Oaks are the predominant tree species in grassy, shrubby environments called oak savannas. Quercus garryana, the species of oak in question, needs a dry environment. As a result, Prior explained, oak savannas are frequently found in the rain shadow of the West Coast’s mountain range.

Oaks are a diverse and significant group of trees in North America’s ecosystems, and they are home to a broad variety of insect species, including oak gall wasps. The galls that these wasp species produce can be stunning in their variety of shapes, from those that resemble enormous apples to others with multicolored spikes that resemble sea urchins.

It is interesting to note that Alfred Kinsey first focused on oak gall wasps before changing his focus to human sexuality.

There has been a long fascination by biologists and amateurs for this group of species because they’re pretty charismatic. You can go to an oak and see all these structures on it.

Kirsten Prior, Assistant Professor, Biological Sciences, Binghamton University

The parasitoid wasps, one of the most diverse and ecologically significant groups in the animal kingdom, are hosted by these galls in addition to their herbivorous creators. The latter is essential because they play a role in controlling insect pests. After hatching, parasitoid wasp larvae consume the oak gall wasp larvae. Parasitoid wasps then lay their eggs in the gall.

Although there is a great diversity of oak gall wasps in North America, little is known about their evolutionary relationships or even the precise identification of some species. Jones and Prior are a part of a group of scientists from around the continent who are working to change that.

Prior adds, “It’s important to continue to document biodiversity. We still haven’t described a good portion of the biodiversity on Earth, particularly with insects.”

Ecosystem Invaders

Over the course of that summer, the researchers visited their study sites three times. Some were situated on Bureau of Land Management property or on preserves connected to Indigenous villages. Others required drives down dirt logging roads and were fairly remote. Others were suburban, just outside of cities.

On Vancouver Island, there are not many oak savannas left because of urbanization, but the ones that are there are well-documented and cared for by landowners.

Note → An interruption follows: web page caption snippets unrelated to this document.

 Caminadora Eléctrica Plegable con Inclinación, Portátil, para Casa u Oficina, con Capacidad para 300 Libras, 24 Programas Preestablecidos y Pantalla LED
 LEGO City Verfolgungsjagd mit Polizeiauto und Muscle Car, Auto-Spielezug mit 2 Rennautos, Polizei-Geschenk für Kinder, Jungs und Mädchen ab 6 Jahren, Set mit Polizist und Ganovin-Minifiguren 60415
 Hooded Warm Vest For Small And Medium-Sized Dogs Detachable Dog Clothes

We’ve had long relationships with lots of landowners there that allow us to work on their property. Some of them are so jazzed to have researchers there.

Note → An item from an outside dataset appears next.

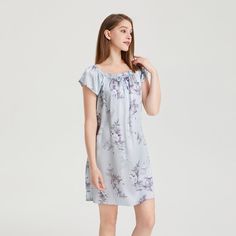 This 19 Momme Silk Short Sleeve Ruffle Nightgown is made of 100% Mulberry silk, which is lightweight, and naturally hypoallergenic. The simple yet modern design gives this chemise dress a perfect silhouette. It is a must-have for lounging at home. The silk slip straps are adjustable. It's sure to make you the star of the house, day or night! Sweet Ruffle Nightgown From now on, you no longer have to bear piercing fabrics and tight skirts that are too tight to breathe for the sake of sexiness. A s Feminine Silk Sleepwear For Summer, Feminine Satin Nightgown For Summer, Feminine Satin Summer Nightgown, Silk Summer Nightgown, Casual Silk Sleepwear For Spring, Summer Silk Sleepwear For Night, Spring Silk Sleepwear For Night, Silk Summer Nightgown For Sleep, Feminine Silk Nightgown For Summer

Kirsten Prior, Assistant Professor, Biological Sciences, Binghamton University

In advance of the parasitoid species that often prey on them, warming temperatures allowed Neurotereus saltatorius to extend its range into higher latitudes and altitudes than before, according to Jones. The Canadian Forest Service was the first to monitor the oak gall wasp’s increased range on Vancouver Island and its effects on a rapidly disappearing ecology in the 1980s.

According to Jones, biodiversity typically follows a latitudinal gradient: The closer you are to the equator, the more species you have. Higher altitudes present a condition that is comparable. When a species can expand its range due to rising temperatures, it can enter places where there are a few different predators and rivals, eventually overrunning the ecosystem.

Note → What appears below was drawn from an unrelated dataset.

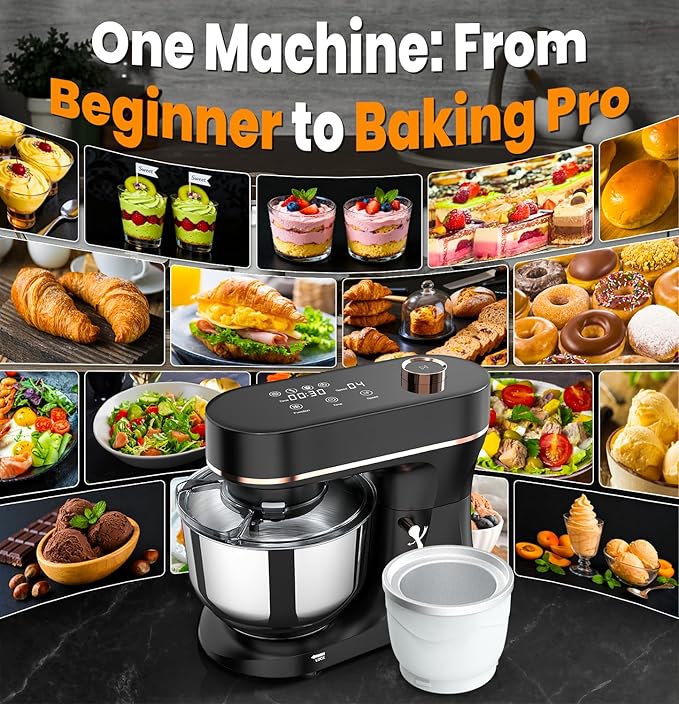 Stand Mixer Set, 6QT Kitchen Mixer with LED Touchscreen, 11-Speed Tilt-Head Mixer with Timer, 4 Preset Menus, Stainless Steel Bowl, Hook, Whisk, Beater,Plus 2QT Ice Cream Maker Attachment,Black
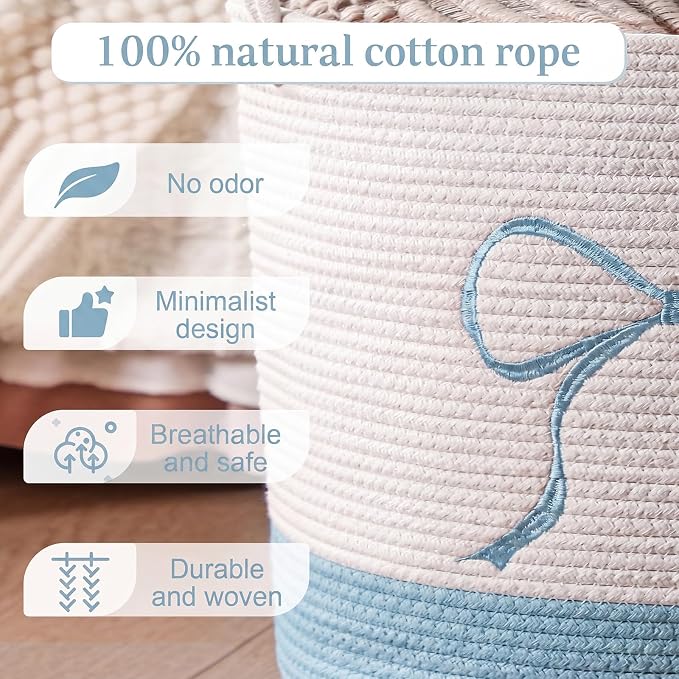 Honeydak Large Blue Laundry Basket Bow Hamper for Blanket Bow Laundry Basket 13 x 20 Inches Cotton Rope Hamper Blue Coquette Storage Toys Clothes Teens Girls Room Nursery Organization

The researchers note that the case of the oak gall wasps emphasizes the significance of biodiversity and the potential long-term effects of climate change.

Jones concludes, “Biodiversity can be really important in potentially protecting areas from invading species. If we have strong competitors and predators, this might make areas less susceptible to invading species.”

Journal Reference:

Jones, D. G., et al. (2022) Latitudinal gradient in species diversity provides high niche opportunities for a range-expanding phytophagous insect. Journal of Animal Ecology. doi.org/10.1111/1365-2656.13780.